**Exercise:**
Your copy should match the entries exactly, except that it holds no pictures.

(Material supplied begins)

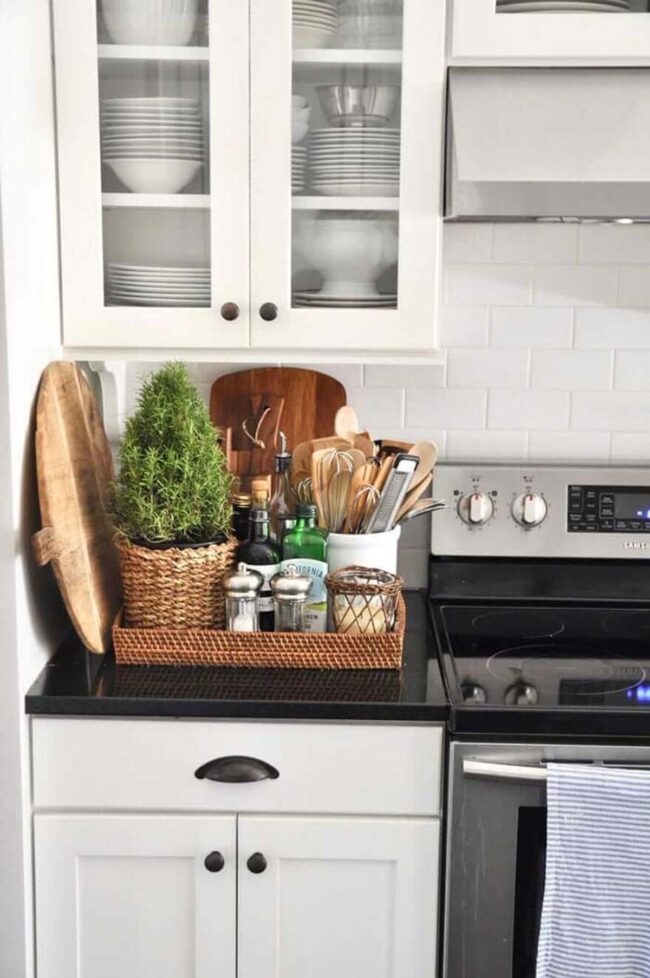 Basket Counter Organizer
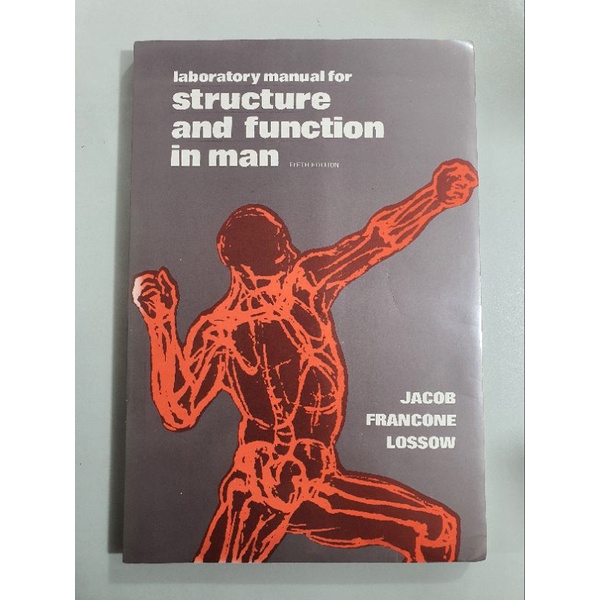 Laboratory Manual for Structure and Function in Man By:Jacob | Shopee ...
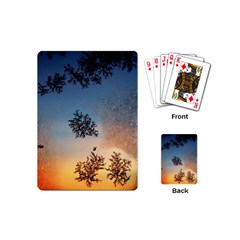 Hardest Frost Winter Cold Frozen Playing Cards (mini)  by Amaryn4rt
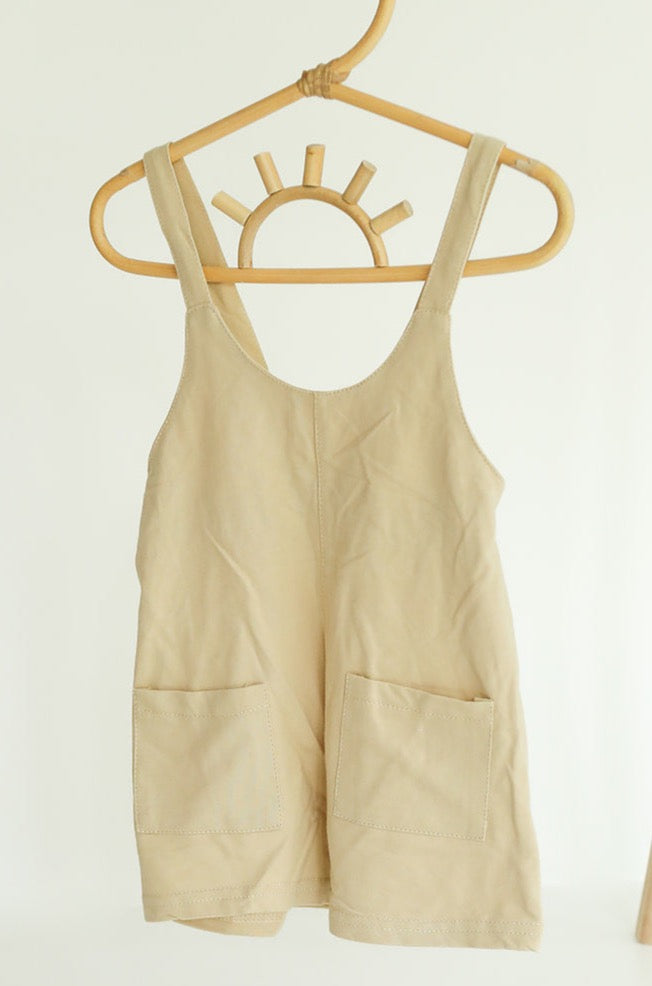 Quinn Romper- Beige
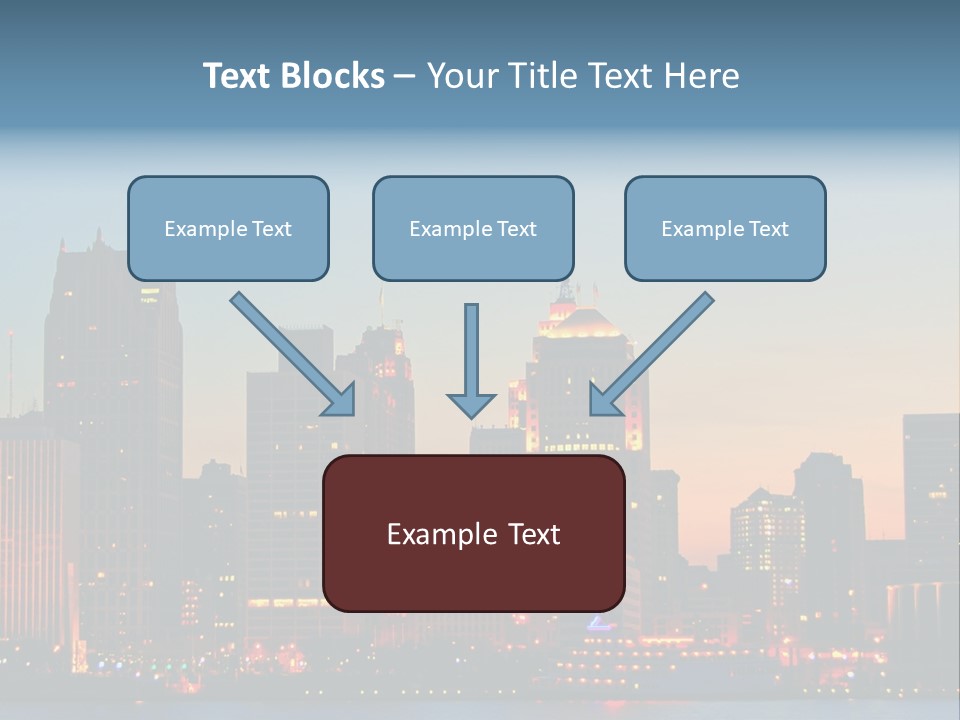 Downtown Illumination City PowerPoint Template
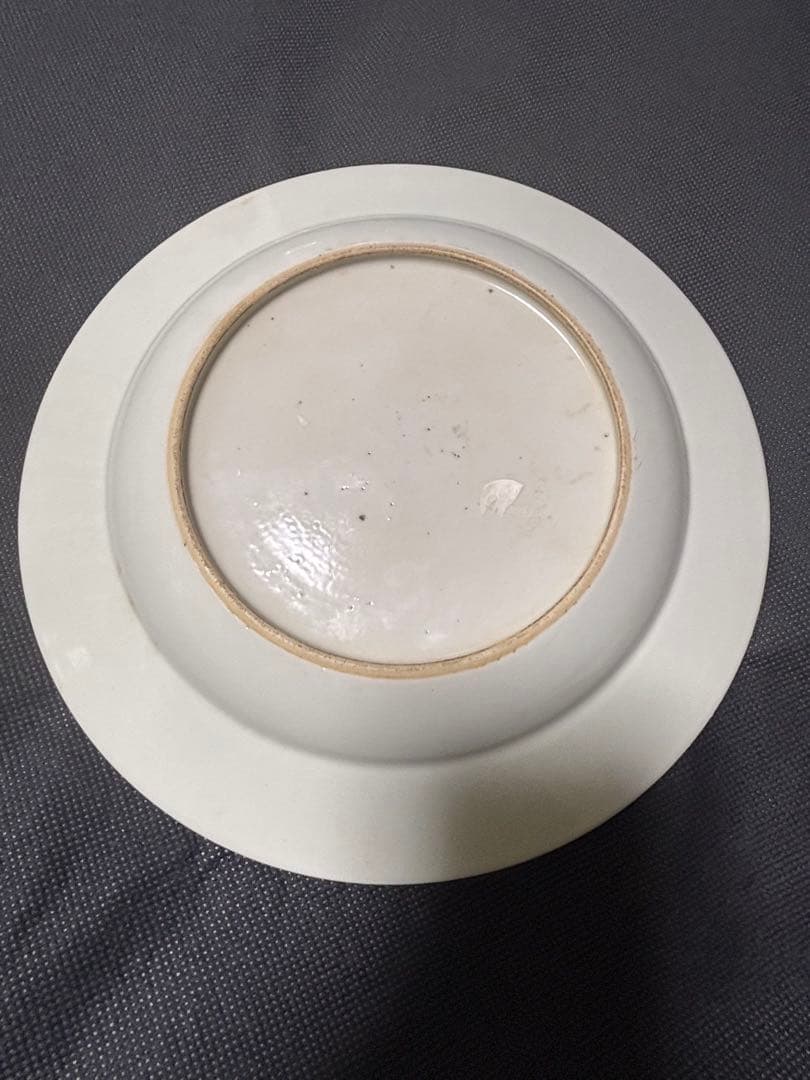 Duan osaka中国古美術 清の時代 金彩粉彩　人物　大皿　23cm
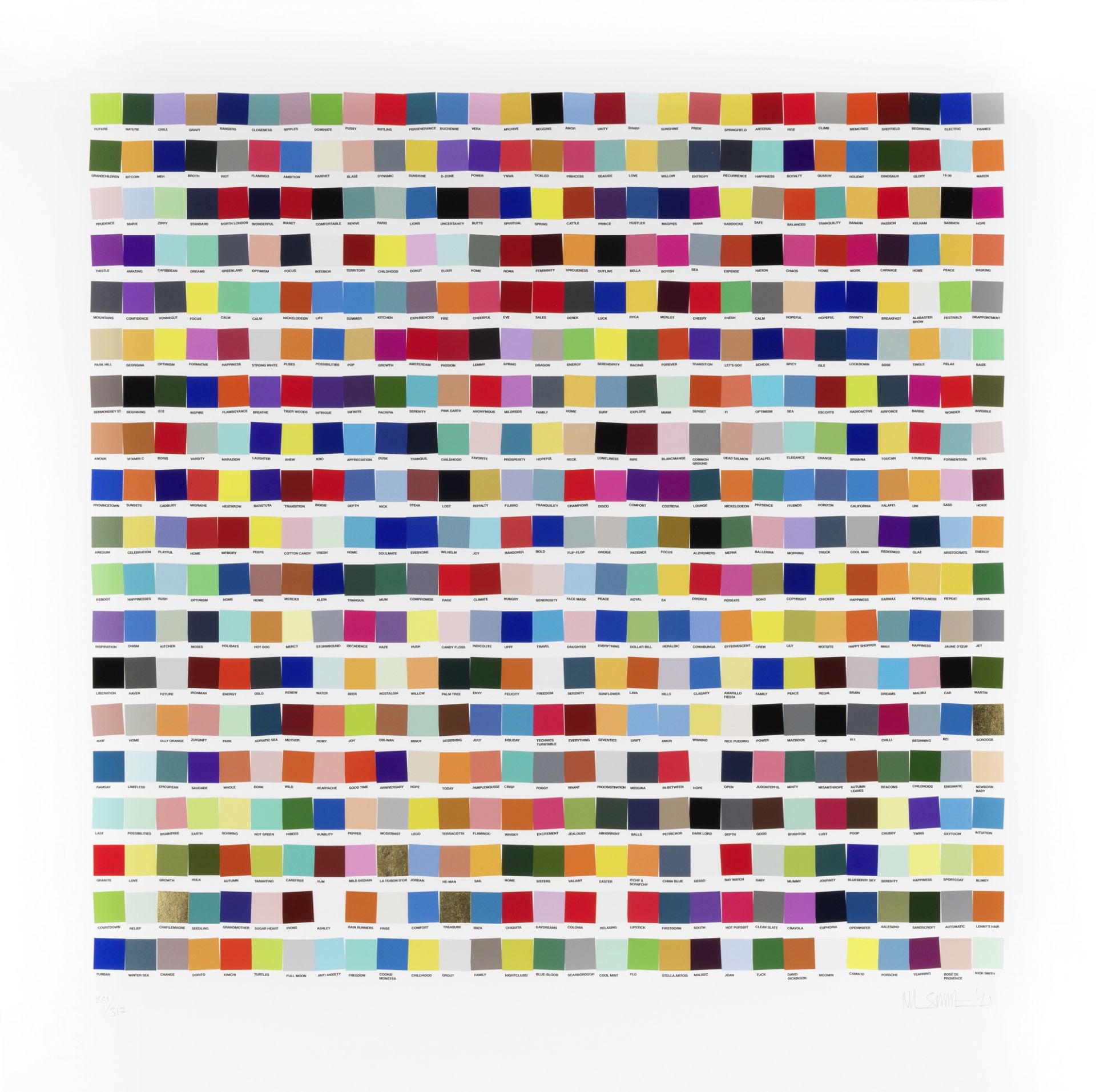 Nick Smith (British, born 1984) Instagram, from Psycolourgy Edition Gicl&#233;e print in colours...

(Material supplied ends)

**Answer to this task:**
 Basket Counter Organizer
 Laboratory Manual for Structure and Function in Man By:Jacob | Shopee ...
 Hardest Frost Winter Cold Frozen Playing Cards (mini)  by Amaryn4rt
 Quinn Romper- Beige
 Downtown Illumination City PowerPoint Template
 Duan osaka中国古美術 清の時代 金彩粉彩　人物　大皿　23cm
 Nick Smith (British, born 1984) Instagram, from Psycolourgy Edition Gicl&#233;e print in colours...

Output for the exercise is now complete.